Exactly as they appear below, repeat the lines from the one with "Seit ein paar" through the one with "Photo 3 of 11". Drop every picture.

Brief descriptive captions
------------------------------------------------

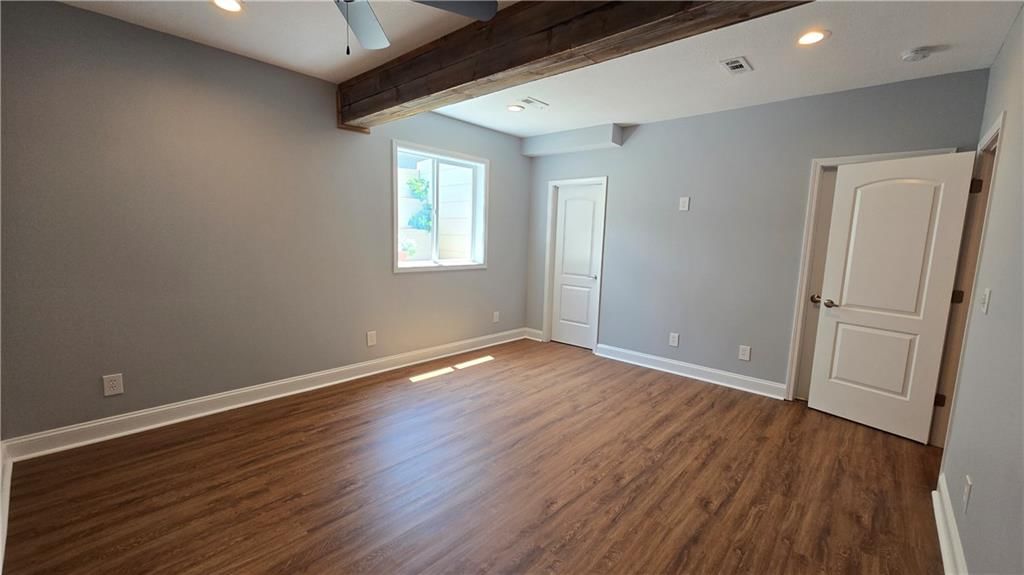 7515 N Eastern Avenue — photo 20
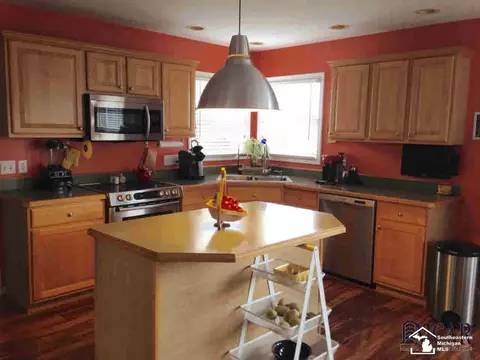 4858 Catherine, Monroe, MI 48161 photo 3
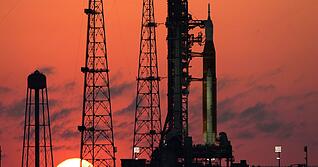 Seit ein paar Tagen steht die Space Launch System-Rakete der Nasa mit dem Orion-Raumschiff wieder in der Startvorrichtung. Zuvor musste die Rakete in die Montagehalle zur&uuml;ck, um technische Probleme zu beheben.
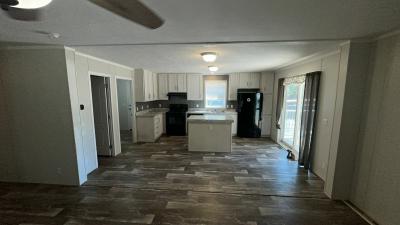 Photo 3 of 11 of home located at 914 Il 15 Sims, IL 62886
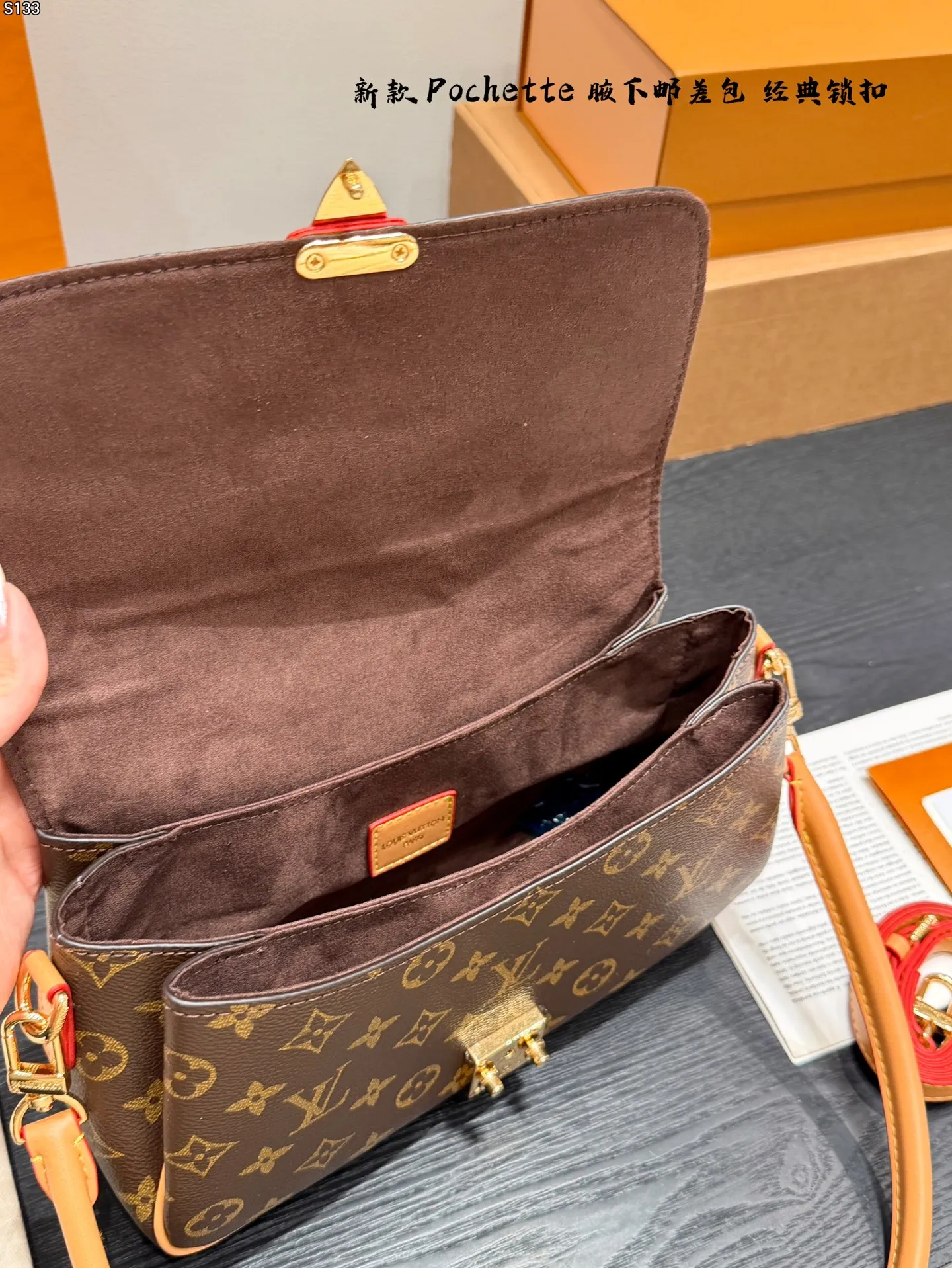 P225 礼盒包装\n尺寸26*16cm\nLV pochette新款腋下邮差包,金属锁扣超有辨识度!容量大,通勤or短途旅行都OK。肩带可调节,单肩斜挎随心切换,实用又时髦✨。老花图案+硬朗线条,优雅又有型,是LV经典系列代表,收藏or日常背都很推荐!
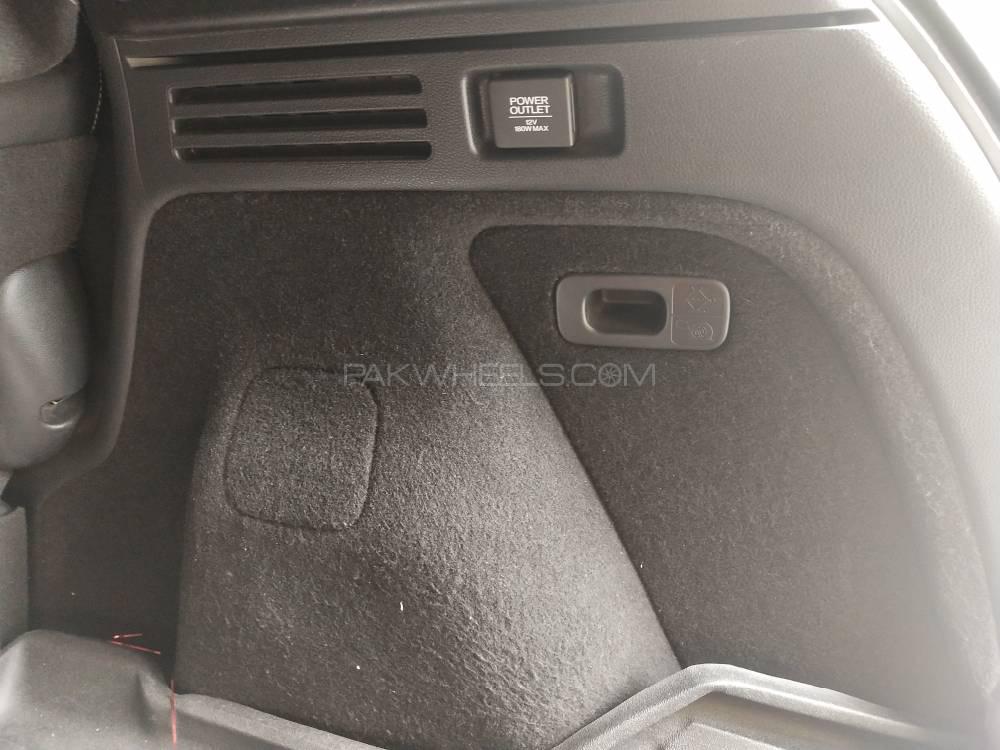 Honda Vezel 2015 for Sale in Rawalpindi Honda Vezel 2015 for Sale in Rawalpindi Image-18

------------------------------------------------

* _RESPONSE TO THIS TASK_:
 Seit ein paar Tagen steht die Space Launch System-Rakete der Nasa mit dem Orion-Raumschiff wieder in der Startvorrichtung. Zuvor musste die Rakete in die Montagehalle zur&uuml;ck, um technische Probleme zu beheben.
 Photo 3 of 11 of home located at 914 Il 15 Sims, IL 62886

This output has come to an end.